What you should do: Leave out every picture and set down, exactly, the lines below from the one holding "Western Blotting (WB)" up to and including the one holding "Case mũi cấu".

--- START ---

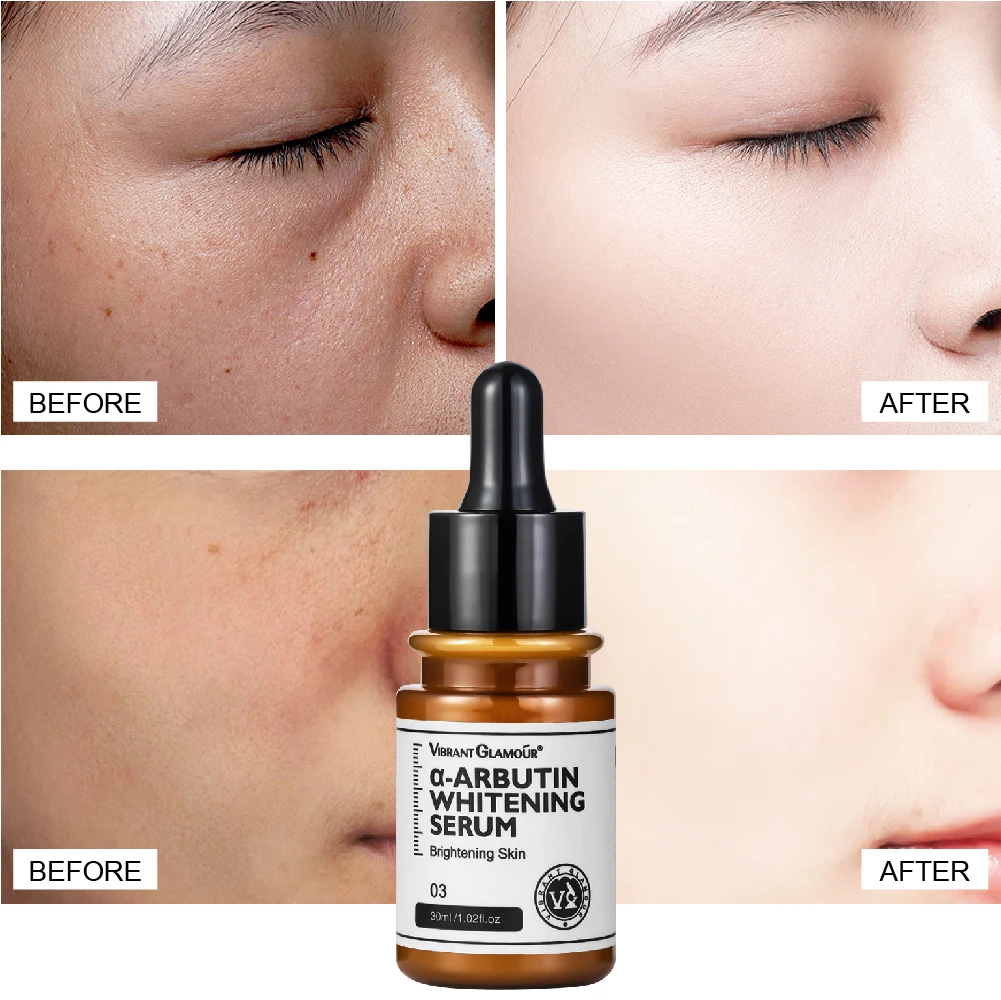 VIBRANT GLAMOUR Arbutin Skin Whitening Brightening Serum Dark Spot Removal Face Serum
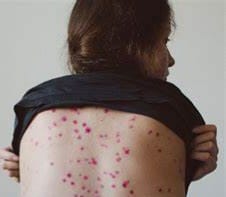 معلومات عن جدري القردة ويكيبيديا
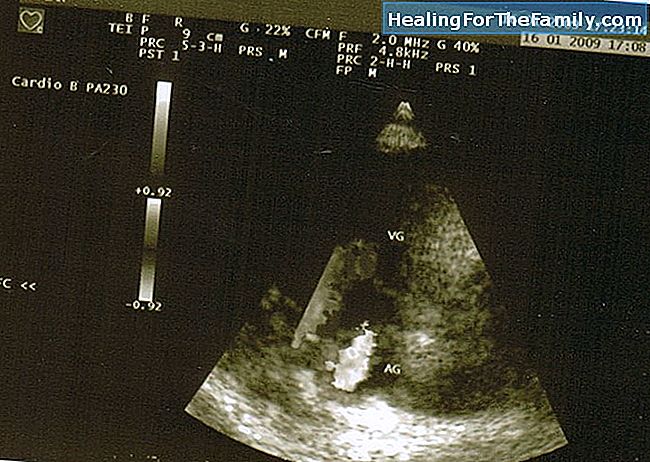 Quel est l'écho Doppler et ce qui est dans la grossesse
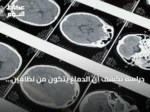 دراسة تكشف أن الدماغ يتكون من نظامين عصبيين منفصلين منذ المراحل المبكرة للجنين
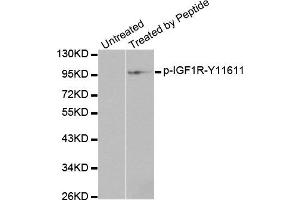 Western Blotting (WB) image for anti-Insulin-Like Growth Factor 1 Receptor (IGF1R) (pTyr1161) antibody (ABIN1870257) (IGF1R antibody  (pTyr1161))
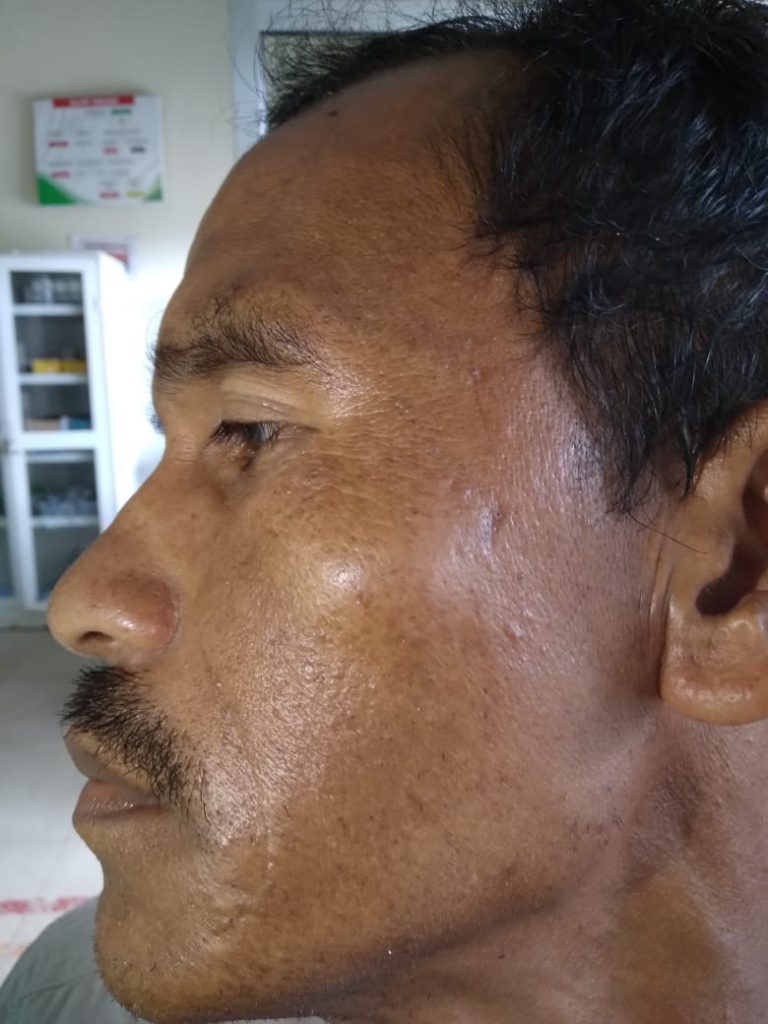 Korban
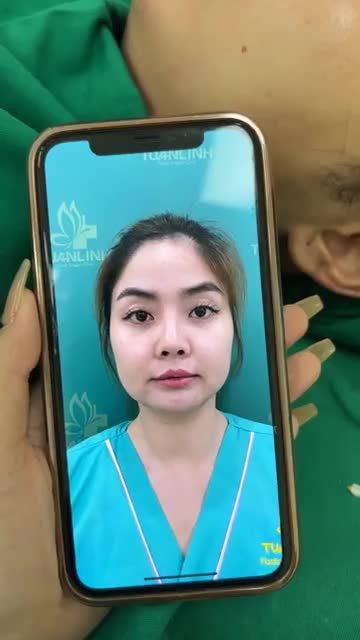 Case mũi cấu trúc sửa lại + độn cằm vừa hoàn thành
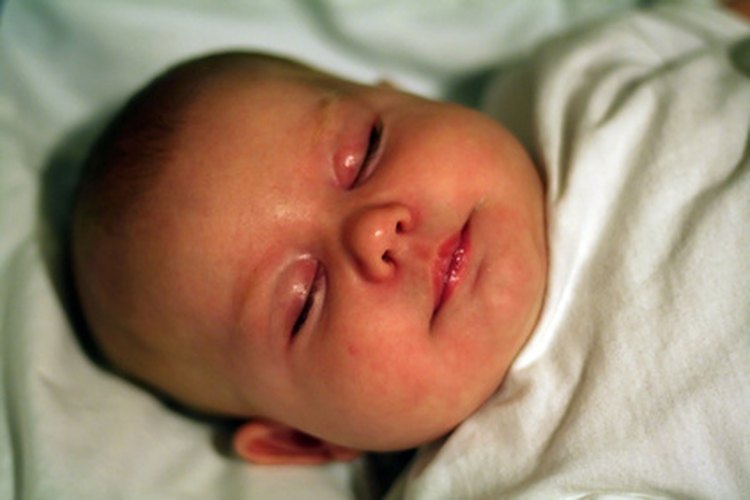 Los ojos hinchados en los bebés suelen aliviarse por sí solos.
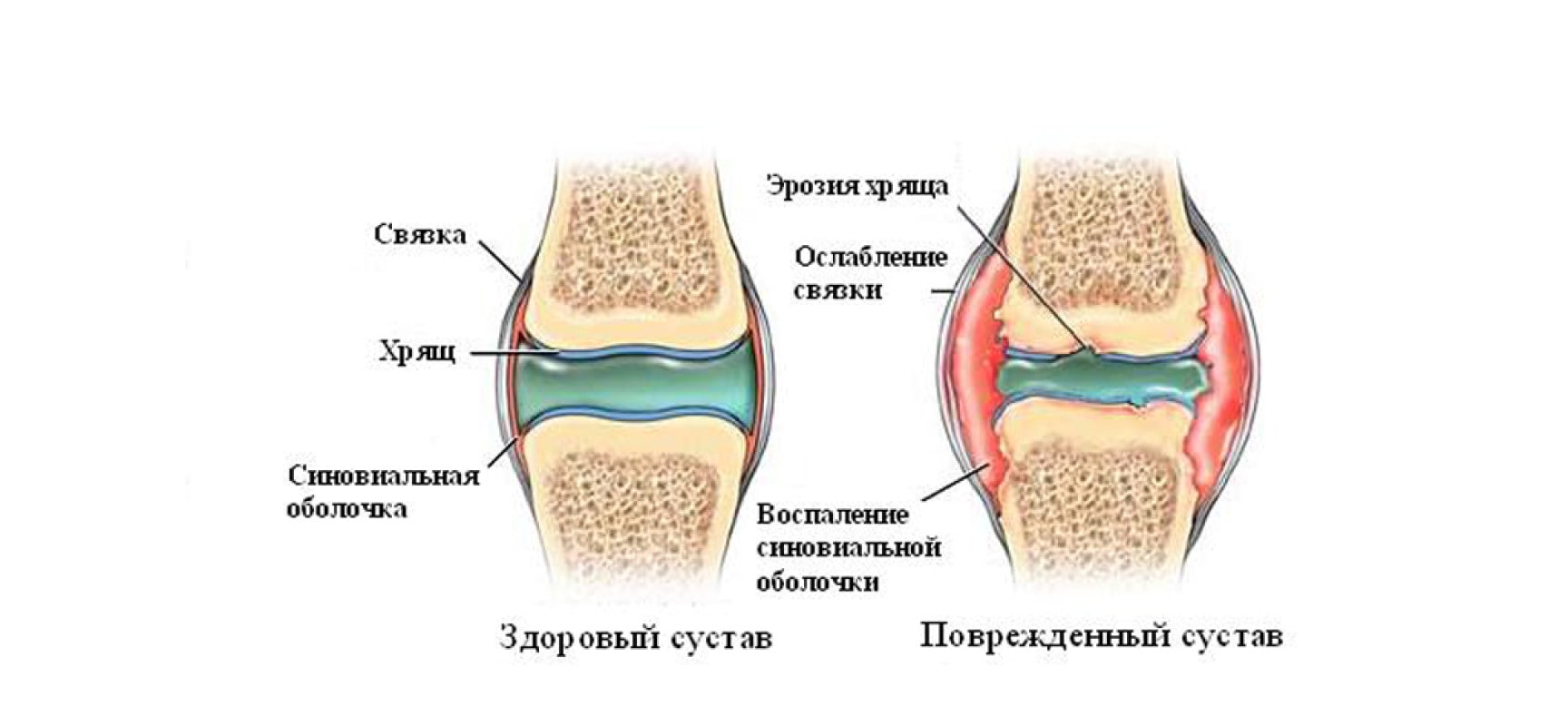 Артроз коленного сустава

--- END ---

Task response:
 Western Blotting (WB) image for anti-Insulin-Like Growth Factor 1 Receptor (IGF1R) (pTyr1161) antibody (ABIN1870257) (IGF1R antibody  (pTyr1161))
 Korban
 Case mũi cấu trúc sửa lại + độn cằm vừa hoàn thành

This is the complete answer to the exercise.